The Southern Oxford Canal: A Story of Survival

Introduction

Over the 230 years since it first opened to Oxford in 1790, the relationship between the Southern Oxford Canal and the village of Adderbury has never been either close or straightforward (see the paper. “Adderbury and the Oxford Canal over 200 years” elsewhere on this website). But the canal, which traverses the parish from north to south, is in 2020 still in rude health as a waterway and retains the great majority of its historical artefacts, all of which now have Grade II listed status. This stretch of canal is also among the busiest on the whole of today’s canal network, with 3956 lock movements recorded at Nell Bridge Lock in 2018, for example.

This situation has not come about by chance. This paper looks at the broader historical factors well beyond the village that have led to the canal’s survival. Not surprisingly, the key issues turn out to have changed over time.

The Oxford Canal in the 18th Century

The initial problems of the Southern Oxford Canal are well known, with construction delayed at Banbury for twelve years because the company ran out of money. But this should not blind us to the fact that the enterprise was extremely well-founded, and it was this which, more than any other factor, contributed to the company’s success in the following century.

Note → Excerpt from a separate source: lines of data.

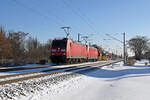 Zusammen mit 185 265 beförderte 185 057 einen gemischten Güterzug am 11.01.26 durch das winterliche Greppin Richtung Dessau. Hinter den beiden Zugloks lief ein Schienenladewagen (SLW 2) von Vossloh mit.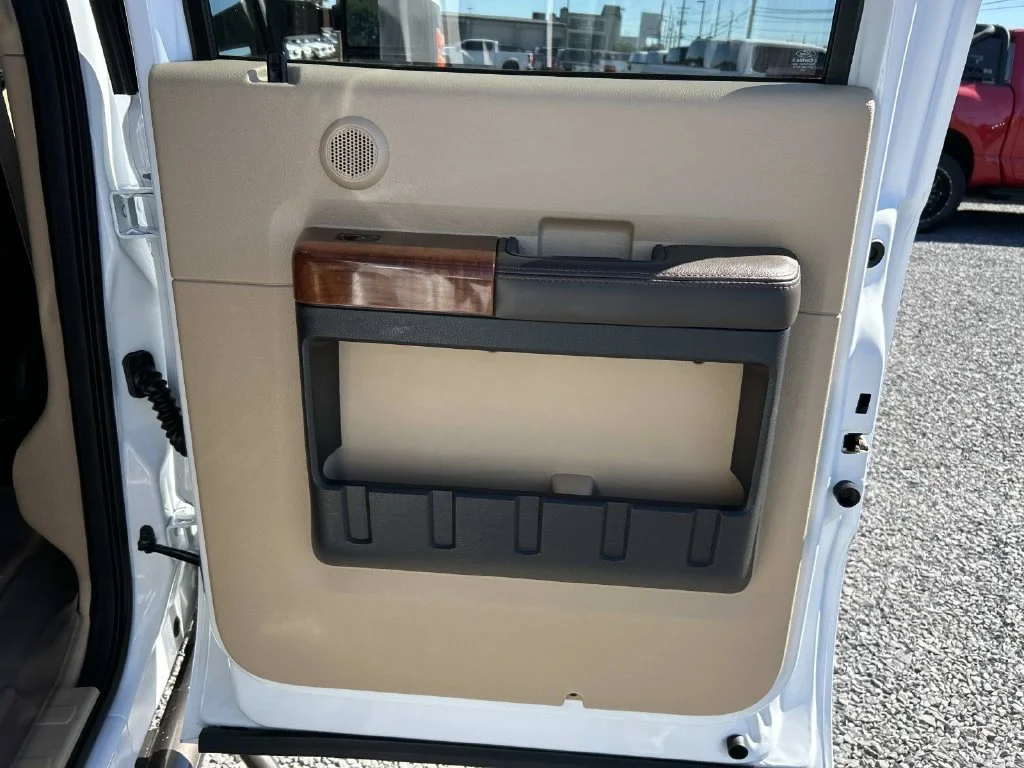 Used 2016 White Ford King Ranch image 24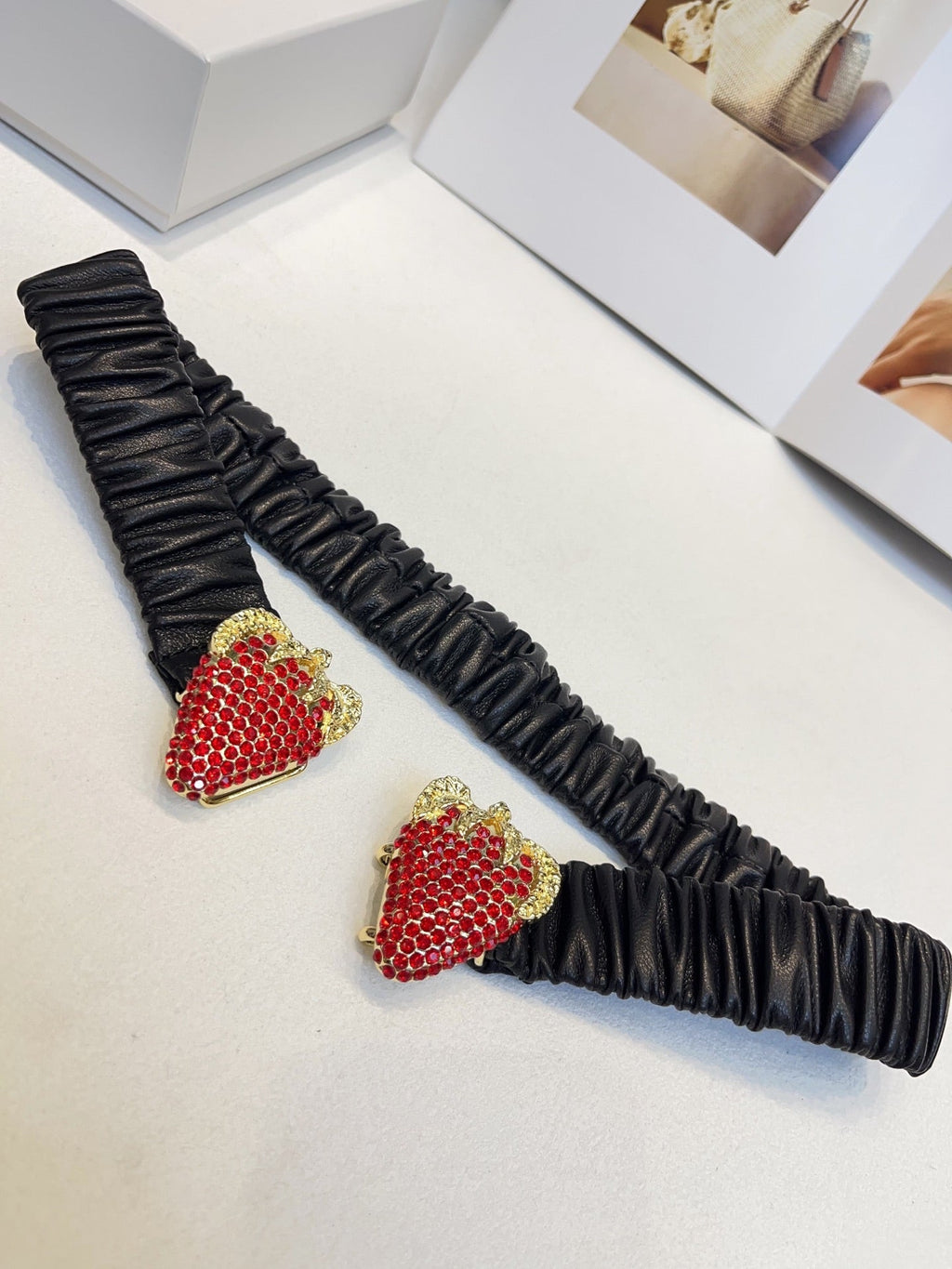 GG 3cm Strawberry Belt Black Sheepskin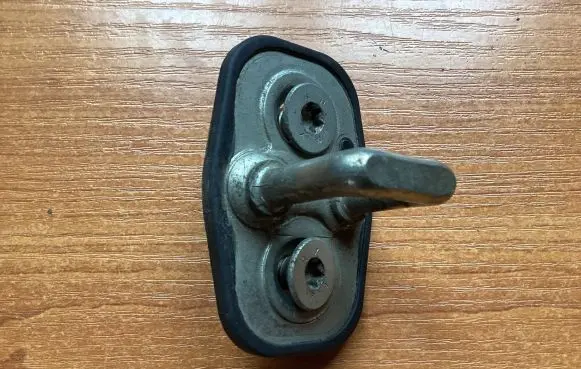 Peugeot 308 Rear door lock loop/hook striker 9655466380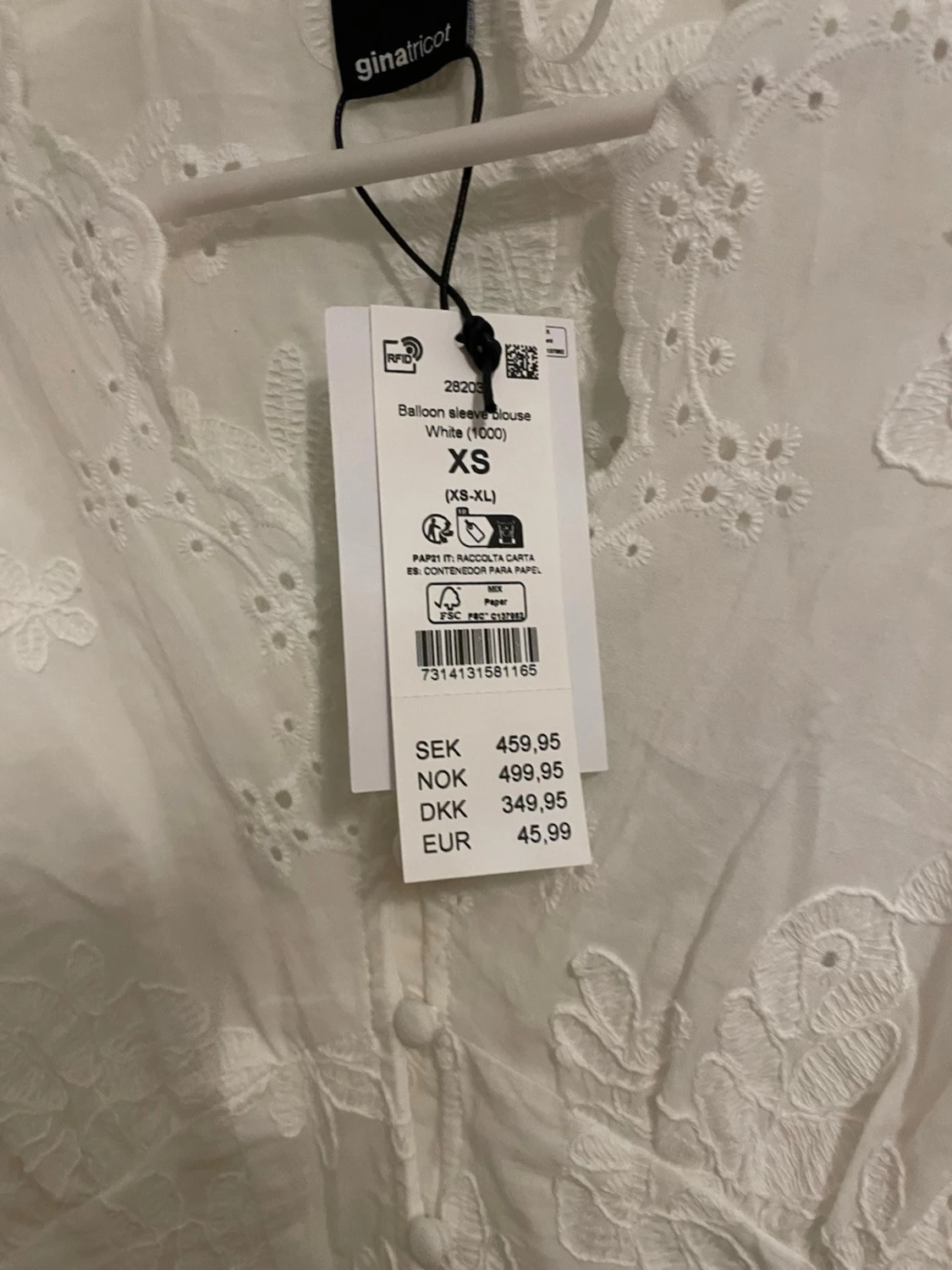 Vit broderad blus med spetsdetaljer - 4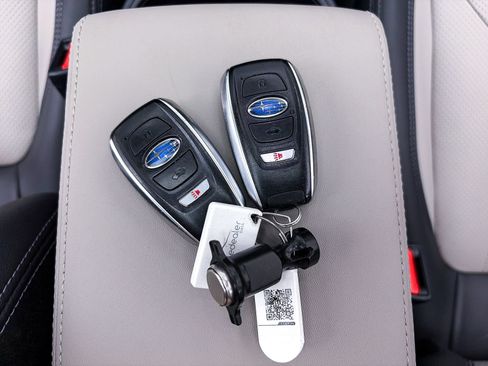 Used 2023 Subaru Forester Limited w/ Popular Package #2 AWD/4WD image 29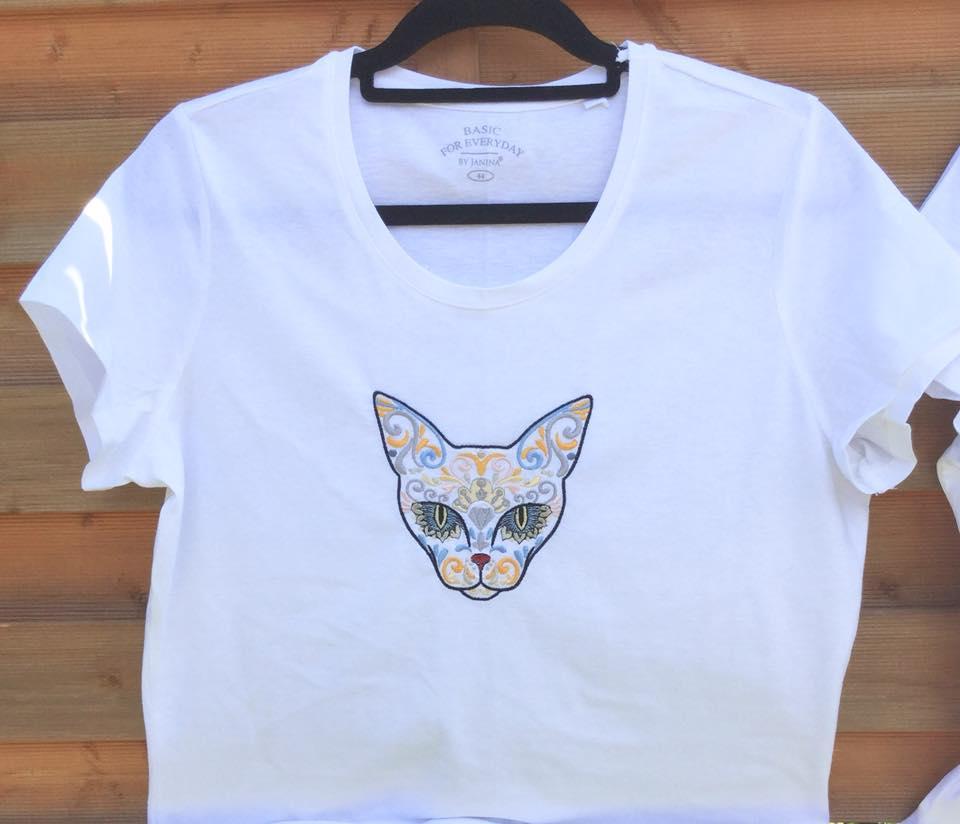 Embroidered t-shirt with Mexican cat design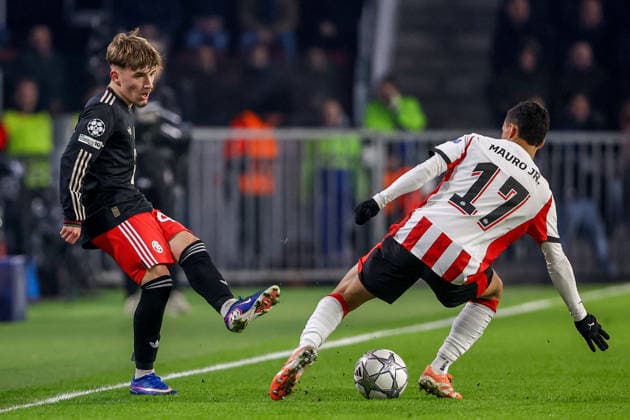 2026-01-28 PSV Eindhoven v FC Bayern Munich - UEFA Champions League 2025 26 League Phase MD8 EINDHOVEN, NETHERLANDS - JANUARY 28: Lennart Karl of FC Bayern Munich passes the ball during the UEFA Champions League 2025 26 League Phase MD8 match between PSV Eindhoven and FC Bayern Munich at Philips Stadion on January 28, 2026 in Eindhoven, Netherlands. Eindhoven Philips Stadion Netherlands Content not available for redistribution in The Netherlands directly or indirectly through any third parties. Copyright: xBroerxvanxdenxBoomx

There’s no doubt that Sir Roger Newdigate was the one man who gave the canal its original character and caused the Oxford Canal to get off the ground so early in the day. His energy was prodigious, and once he had lobbied and encouraged all the necessary groups to come together to seek a parliamentary act, he was no less assiduous in guiding the act through its various stages. He was then for many years Chairman of the Oxford Canal Company. Newdigate’s motivation was threefold. First, perhaps as a result of seeing large-scale canal schemes on his two grand tours in Europe, he undoubtedly believed in James Brindley’s original vision: the construction of a “silver cross” of canals to link the main river systems of England. Secondly, he wished to bring economic benefits to Oxford, where he was a long-serving MP for the university. But perhaps most significant was his wish to open the collieries on his Arbury estate and find markets for their output on the model of the Duke of Bridgewater’s phenomenally successful canal into Manchester.

So the main features of what we can call the business plan of the Southern Oxford were in place from the outset: it had national rather than purely local strategic importance, and it “had coal behind it” and was intended to convey this commodity to London via Oxford and any number of canalside markets large and small, all of which were ready to purchase large amounts of coal for domestic and business purposes.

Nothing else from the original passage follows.